Sean Isaac has been climbing for 30 years and has been an alpine guide for 17.

He has established hard mixed and ice routes around the Canadian Rockies, alpine first ascents all over the world and was a sponsored competitive climber for a decade. Although he has enjoyed a rather unscathed career, he wished he took rope rescue earlier on.

“I learned lots through friends who were training for their guides' exams, 30 years ago,” says Isaac. “But for some reason, I really missed out on getting rescue skills down early on. When I think back about when I used to do big trips and being on remote walls in places like Pakistan and Patagonia, knowing how little I knew about how to get out of situations, makes me want to throw up a little,” says Isaac. 

Isaac doesn’t do big trips anymore, but he does teach a variety of rope rescue courses for climbers.

 

22467584_10154675995312030_3799530943133154873_oRope rescue is for climbing - not just rock climbing. By Fred Subra

Teaching is his passion and rope rescue is one of his favourites. From one-day intro courses to advanced or simple refresher courses, Isaac works with all levels of climbers. He strongly believes anyone climbing outside should get some sort of continued training.

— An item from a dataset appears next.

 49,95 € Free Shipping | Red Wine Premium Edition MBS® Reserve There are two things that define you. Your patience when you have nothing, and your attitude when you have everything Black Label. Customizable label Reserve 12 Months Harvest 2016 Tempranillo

“I remember giving a talk and asking the audience if anyone had taken an AST or crevasse rescue course. Most everyone had their hand up. I next asked if they were rock climbers, most of the hands stayed up. Then I asked how many people had taken a rope rescue course and only a few hands stayed up.”

Nearly everyone who goes backcountry skiing or does glacier travel takes some sort of training, however the amount of people who rock outside who haven’t taken a rope course before is staggering.

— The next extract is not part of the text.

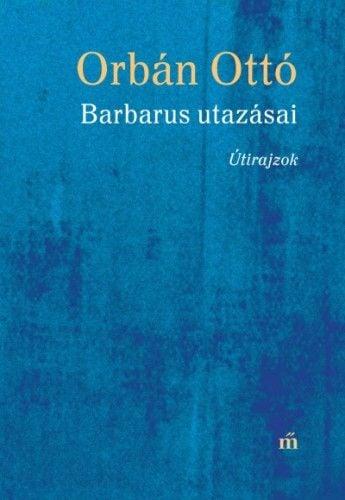 Barbarus utazásai - Útirajzok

“I didn't do any sort of rock rescue training until I became a guide,” Isaac admits. “I am one of them. But it's kind of surprising that the perception that rock climbing doesn't have many hazards or that things don't often go wrong is huge.”

Isaac warns that taking a rope rescue course doesn’t replace the essential skills one needs to climb outside. If anything, taking rope rescue will give you a new found respect for the hazards.  

“Rescue skills should be automatic so you can act quickly if something does go wrong, but you're always trying to avoid that emergency,” says Isaac. “You don't want that false boost in your confidence thinking, ‘okay, we can try this route, because if something goes wrong, we know how to deal with an emergency.’ That's kind of the wrong way to go about it. You still don't want to get hit by a rock or struck by lightning or take a big fall onto a ledge. All those things are bad. Just because you have the rescue skills and could deal with those situations, prevention is key.”

Isaac also teaches these core skills in other courses. But when put together with rope rescue, it all makes for a better day in the mountains because the skills learned in a rope rescue course can be applied in non-emergency scenarios.  

“There's three categories to focus on – movement skills, technical systems and hazard management,” Isaac says. “You still have to dial those three, but you always need the rescue stuff in your back pocket for when things go wrong. Just like in backcountry skiing, a solid understanding of weather, terrain, snow and group management are the key to dealing with avalanche exposure but you still need well-rehearsed companion rescue skills, which you will hopefully never have to use. The cool thing about rope rescue though, is that a lot of the rescue techniques can also be incorporated into your multi-pitch systems to make your ascending and descending more efficient.”